- **Required action**
The line with "Image of New Holland 305 equipment image 1" marks the start; please set it down along with all later lines through the end of the material, exactly, leaving out pictures.

- **Dataset content**
-=-=-

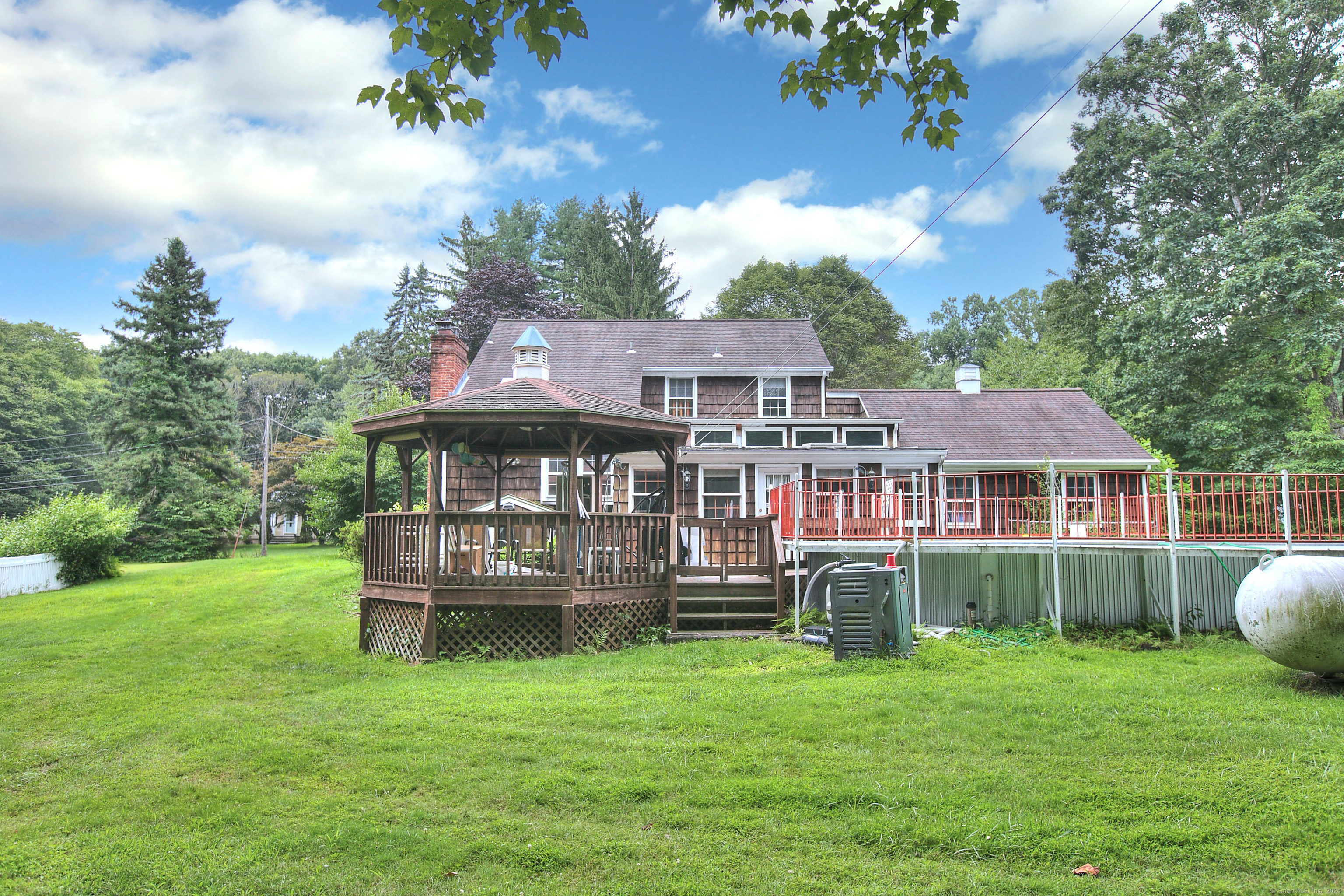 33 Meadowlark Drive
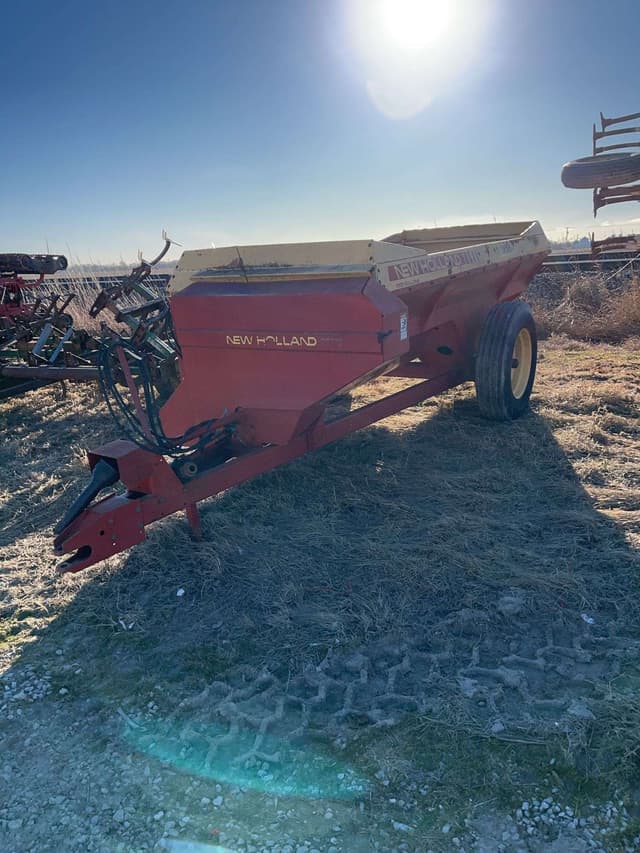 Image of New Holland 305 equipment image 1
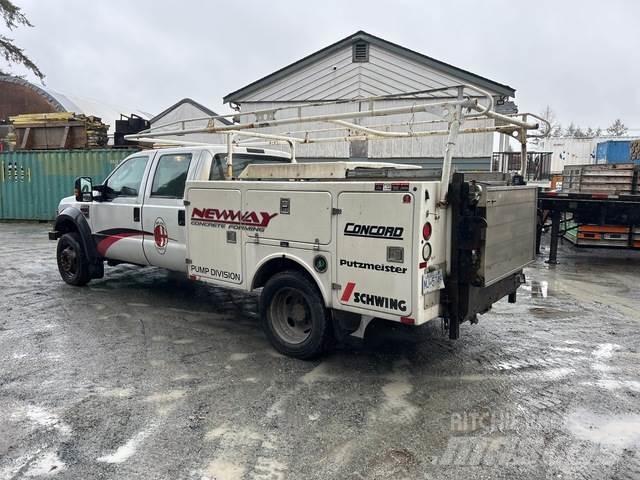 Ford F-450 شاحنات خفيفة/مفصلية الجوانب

-=-=-

- **Answer for this exercise**
 Image of New Holland 305 equipment image 1
 Ford F-450 شاحنات خفيفة/مفصلية الجوانب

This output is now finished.